で、そこからどんどん主人公が、『フライト・ゲーム』同様に、なまじ推理力とか行動力に優れている分、グイグイグイグイ自分で動いては、どんどんどんどん自らドツボにはまっていく、というこのくだり。まさしくこの、ニューロティック・スリラーの醍醐味ですね。「えっ、えっ? 俺が、俺が悪いの!?」みたいな(笑)。「俺が間違っている!?」みたいな感じになっていくというね。ぶっちゃけこのへんはね、要はミスリードし放題なわけですよ。全員怪しく見せることなんて、いくらでもできるわけだから。なので、全ての描写が本当に怖いし気持ち悪くて、めっちゃ楽しいです。

たとえば、電車がカーブを曲がっていく時に、向こう側の車両でそれまで顔が見えなかった人の顔が、曲がっていく時にフーッ……て見えて、目が一瞬合う、とかの気持ち悪い描写とか。
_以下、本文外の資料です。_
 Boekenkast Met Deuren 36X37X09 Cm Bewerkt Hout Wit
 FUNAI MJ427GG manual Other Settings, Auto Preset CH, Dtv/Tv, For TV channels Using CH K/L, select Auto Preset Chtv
あとはこれ、『フライト・ゲーム』とかでもやっていたけど、それまでは普通に親しい人として話していた人物の顔を、その人物がしゃべっているのに、変なところで画面を切って顔を見せないっていう。このカットがもたらす、生理的不安感。「なんかこの人、怖い」っていう感じをさせるとか。すごくこういうのはジャウマ・コレット=セラさん、得意技ですね。上手いですね。で、とにかくこれは『フライト・ゲーム』もそうだったけど、最初の死者が出てしまってからの主人公の追い詰められっぷり、ひどい目に遭いっぷり。今作で言えば、「列車が舞台ならでは」の悪夢のような事態。もう超楽しいので。本当にギャグすれすれの(笑)超楽しい事態がありますので、これはぜひ見ていただきたい。
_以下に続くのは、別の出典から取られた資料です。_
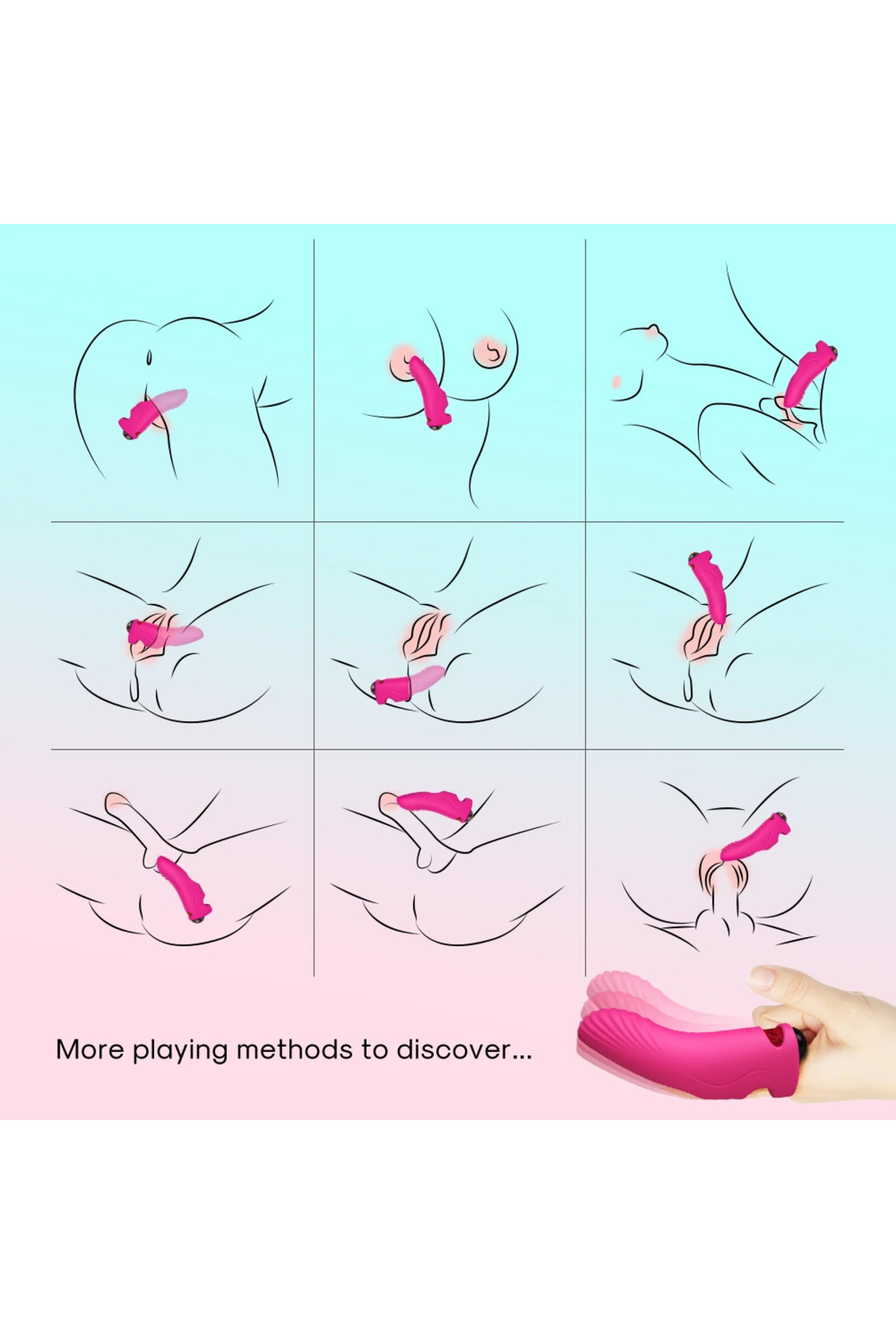 PRIME TOYS Aurora Şarjlı G Nokta ve Klitoris Uyarıcı Parmağa Takılabilir Mini Vibratör - Pembe - Görsel 2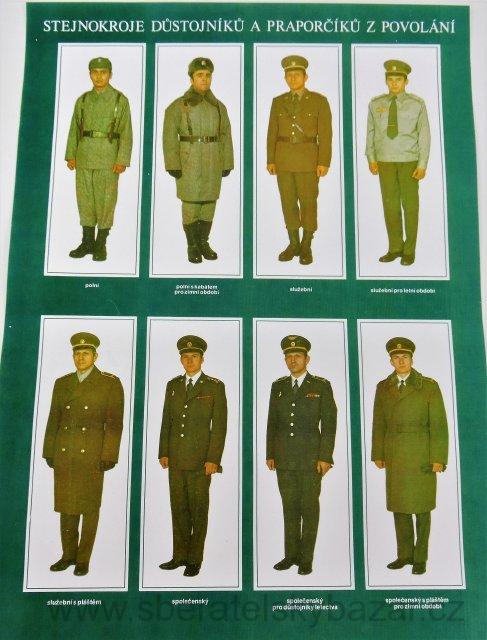 Plakát - Stejnokroje důstojníků a praporčíků ČSLA A3 - Reprint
■結論「ジャンル映画らしいジャンル映画。これもまたよし!」

あと、いくつか格闘シーンがあるんですけど、後半に出てくる、ジャウマ・コレット=セラ監督十八番の擬似的な長回しワンショットでの、車両全体を使っての一大取っ組み合いシーンがあるんですけど。ここで非常にね、奇妙な感覚をもたらす早回し……まあ、ヒッチコックがたまにやる早回しアクションとか、そういう感じかな? だいたい「ヒッチコック的」っていう中には、「不自然」っていうのが1個、入っているんですけどね……とにかく、ちょっと奇妙な感覚をもたらす早回し使いをはじめ、この格闘シーン。さっき言ったような「設定、展開としてはありふれているのに、なんか見たことがない」感じ、すごくフレッシュなバランスになっている。これ、格闘シーン、名シーンだと思います。このシーンだけでも十分に元は取れている、という感じがしますね。
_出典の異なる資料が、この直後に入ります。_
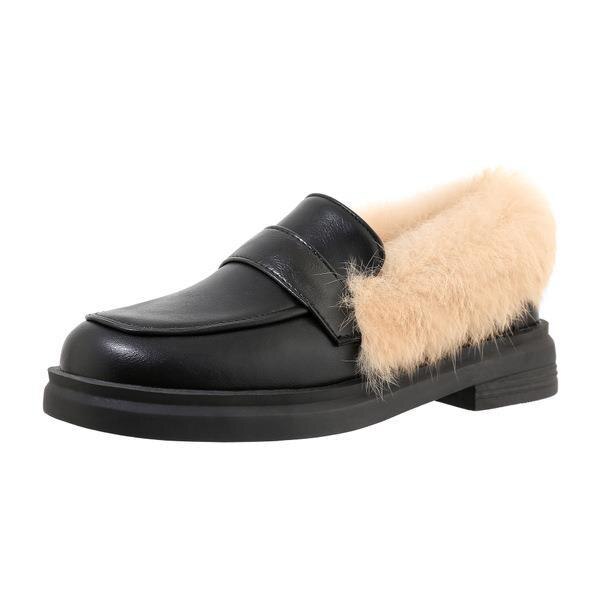 Casual Vrouw Schoen Loafers Bont Klompen Platform Ondiepe Mond Alle-Match Ronde Neus Lage Hakken Klimplanten Comfortabele Big Size rubber: 1 / 35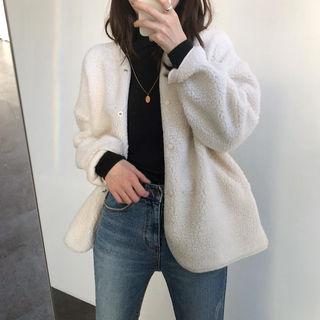 Snap-button Boucl -knit Jacket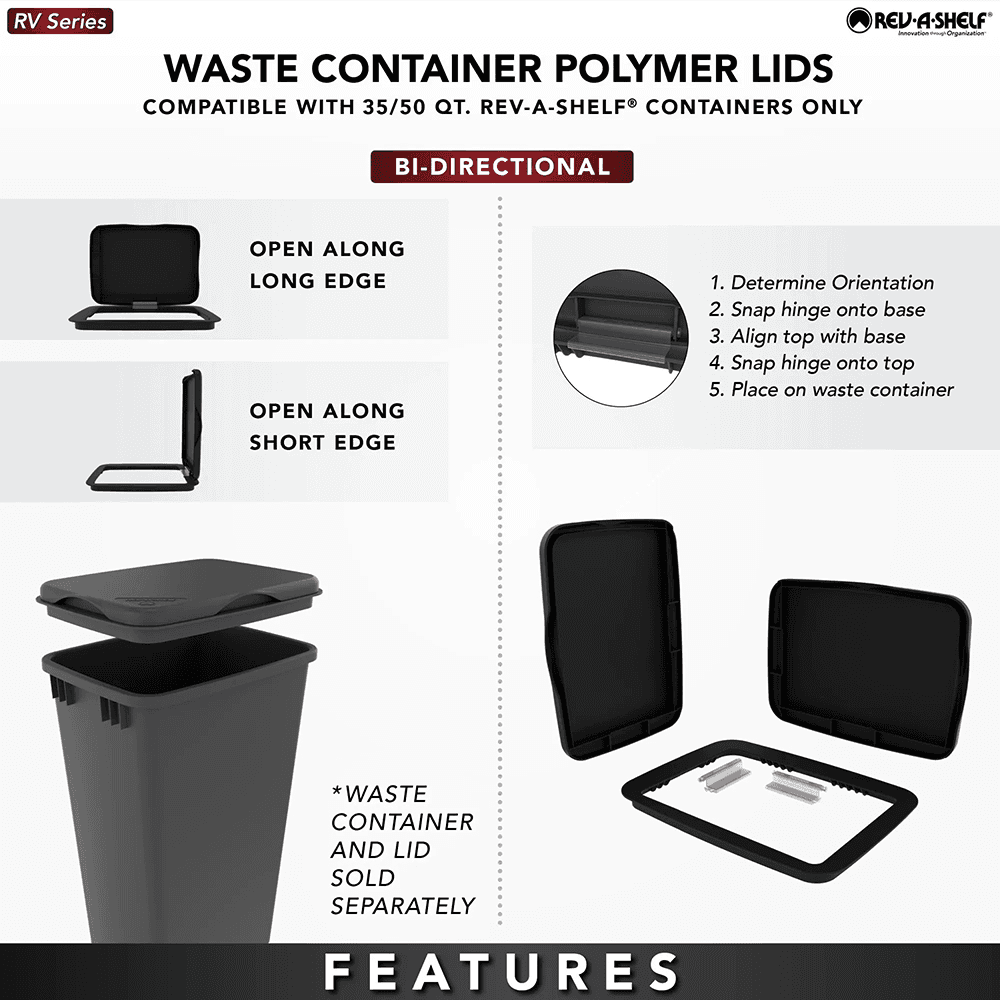 35/50 QT Waste Container Lid, White Alt 10 - Image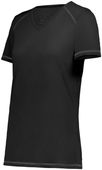 Ladies Super Soft-Spun Poly V-Neck Tag Free Sports Tee BLACK Primary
で、さっき言ったようにスペクタクル的見せ場があって……ここはまあ、サービスなんで。めちゃめちゃドサービスですよ。ドカーン、ドカーンってなって。ただ、その後の謎解きが長すぎ、っていうのはたしかにありますし。事後のツッコミどころ多すぎ感も、正直、まあ『フライト・ゲーム』とかに比べても、ちょっと高めですよね。まあまず、この手の陰謀っていうか、巻き込まれ型サスペンスにありがちですけども、「こんな手の込んだリスクの高い陰謀、必要ある?」っていう(笑)。この手のジャンル物あるある、っていうのは、これはまあ置いておいて。

それは別にしても、たとえば、キーとなるあるキャラクターがいるわけですね。要は、重要な情報を持っている、という。で、そのキャラクターを当てるのが前半のミステリーというか、引っ張りなんですけども。これだけ……いろんな情報があるわけですよ。こんな名前で呼ばれている、カバンの中にはこんなのを持っていて、何時の電車に乗る。ここまでわかっているのに……性別すらわからない!っていう設定の不自然さもあるし。なによりも、そいつはそいつである程度危険な立場、危険な道……危ないからニューヨークの中心地を離れろって言われて電車に乗っているんだから、(命の危険がある状況なのは)わかっているはずなのに……イヤホンをしていて、あれだけ周りがドッタンバッタン大騒ぎしてるのに、気づかない! で、しかもそれでね、「お前だろ?」ってなったら、イヤホンをこうやって取って、やおら不安げな顔を見せ始めるっていうね(笑)。なんかこのへんとかも、本当にツッコミどころでもありますけども。

ただ、リーアム・ニーソン自身がこんなことを言っています。「スリラーというのは、よく考えると無理のある展開がありがちだよね」「家に帰ったら『あそこ、おかしいだろ?』って思い出したりするよね」「でも、見ている間は楽しい。それがスリラー映画っていうもんだろ?」っていう風に言っているわけです。ということで、まあ非常にジャンル映画らしいジャンル映画。十分に楽しいし、僕は本当に好きですね。脇を固める役者さんたちがすごく良くて。僕が大好きなパトリック・ウィルソンとかですね、あとは『ブレイキング・バッド』でおなじみジョナサン・バンクスとか。あと、奥さん役がエリザベス・マクガヴァンっていうね、古くは『普通の人々』『ワンス・アポン・ア・タイム・イン・アメリカ』などの……みたいな。脇を固める人もしっかりしていて、まあ見応えがきっちりありますし。こういうジャンル映画のよさも、ぜひぜひ定期的に映画館で、ウォッチしていただきたいと思います!

(ガチャ回しパート中略 〜 来週の課題映画は『ジュマンジ/ウェルカム・トゥ・ジャングル』に決定!)

以上、「誰が映画を見張るのか?」 週刊映画時評ムービーウォッチメンのコーナーでした。